• **EXERCISE DETAILS**
Among the entries below, which lines run from the line with "キューブ Super Basic Straight Outline icon" through the line with "floral cot sheets nz"? Retype those, both ends included, exactly and without pictures.

[Scraped caption text data]
····················
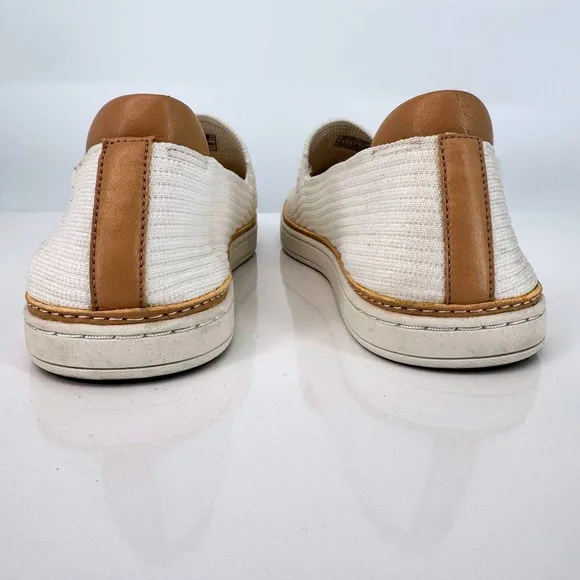 UGG Womens Sammy Breeze Off-White Knit California Poppy Slip On Shoes Sz 9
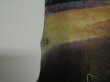 Photo9: 1F02z160 Japanese Kimono Silk Artist work FABRIC Black Scenery 51.2" (9)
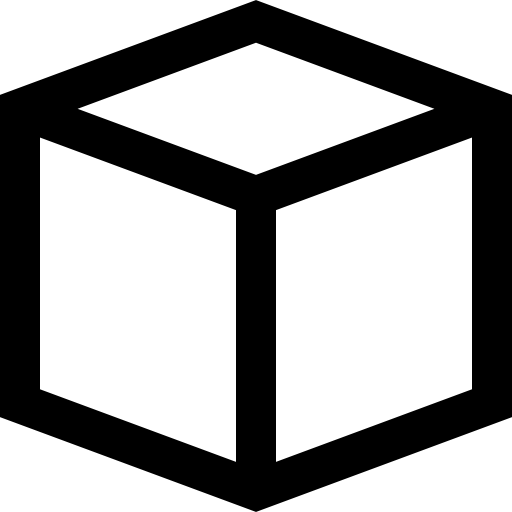 キューブ Super Basic Straight Outline icon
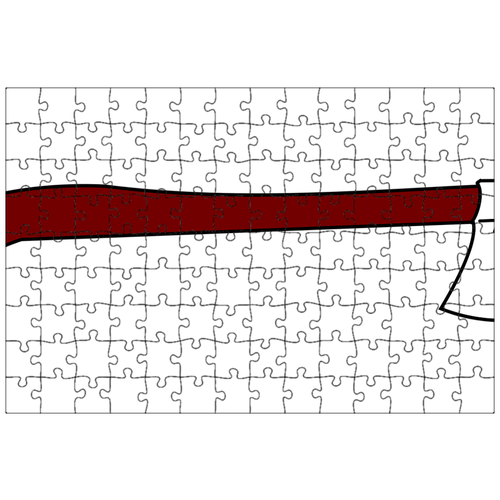 фото Магнитный пазл 27x18см."топор, измельчитель, орудие труда" на холодильник lotsprints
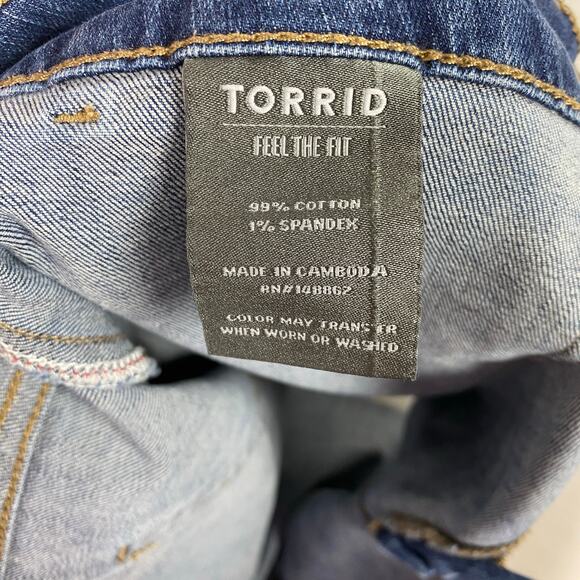 Torrid 3.5 Inch Vintage Stretch High Rise Denim Shorts Sz.18W - Picture 11 of 13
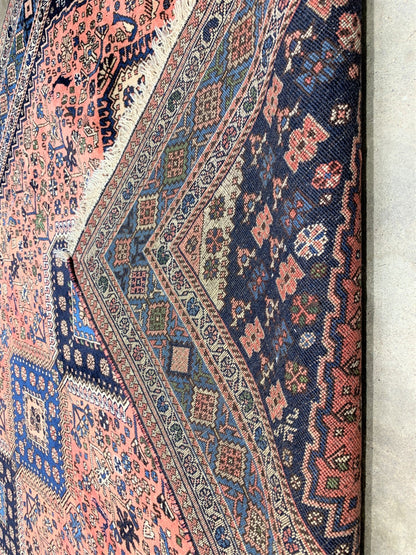 5'2'' x 8' Hand-Knotted 100% Wool Pile Yalameh Area Rug - Carpet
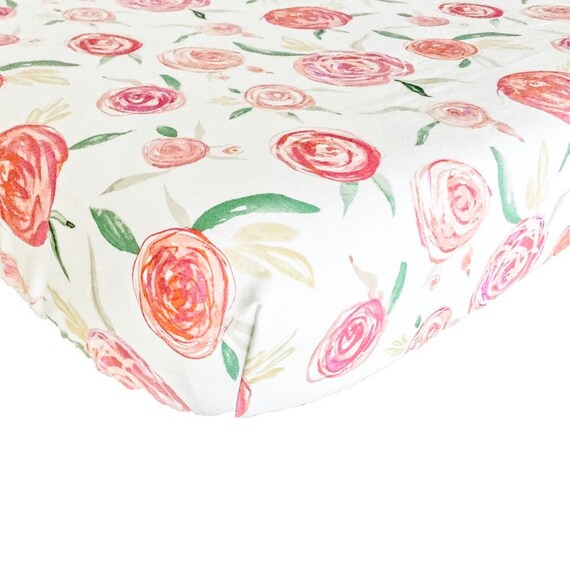 floral cot sheets nz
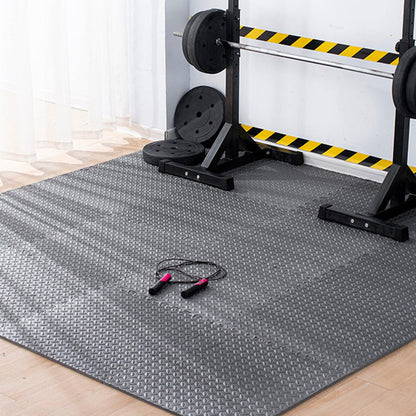 Interlocking EVA Foam Puzzle Exercise Mats - Premium 10mm Thick Anti-Slip Rubber Top Workout Tiles - Customizable Protective Gym Flooring for Home Fitness - Noise Reducing Shock Absorbing Training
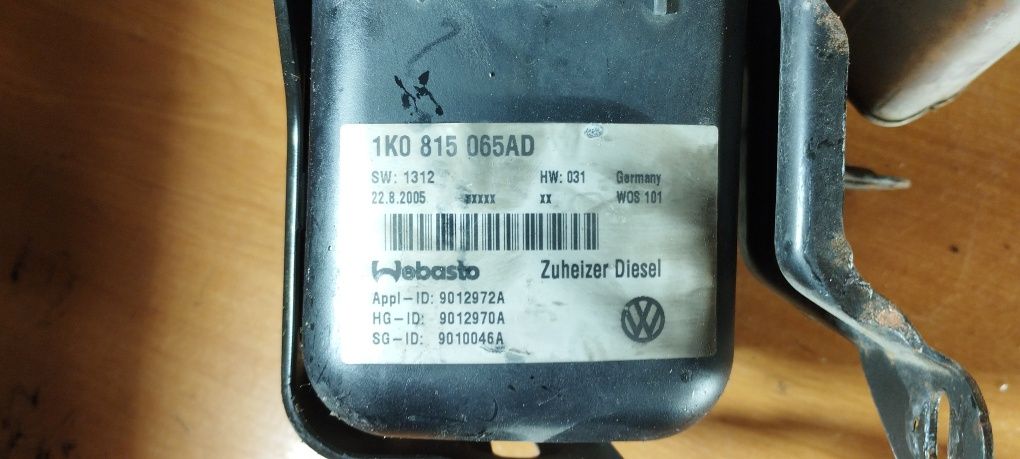 Автономний обігрівач Webasto VW Touran 2003-2010 1K0815065AD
····················
• **WRITTEN SOLUTION**
 キューブ Super Basic Straight Outline icon
 фото Магнитный пазл 27x18см."топор, измельчитель, орудие труда" на холодильник lotsprints
 Torrid 3.5 Inch Vintage Stretch High Rise Denim Shorts Sz.18W - Picture 11 of 13
 5'2'' x 8' Hand-Knotted 100% Wool Pile Yalameh Area Rug - Carpet
 floral cot sheets nz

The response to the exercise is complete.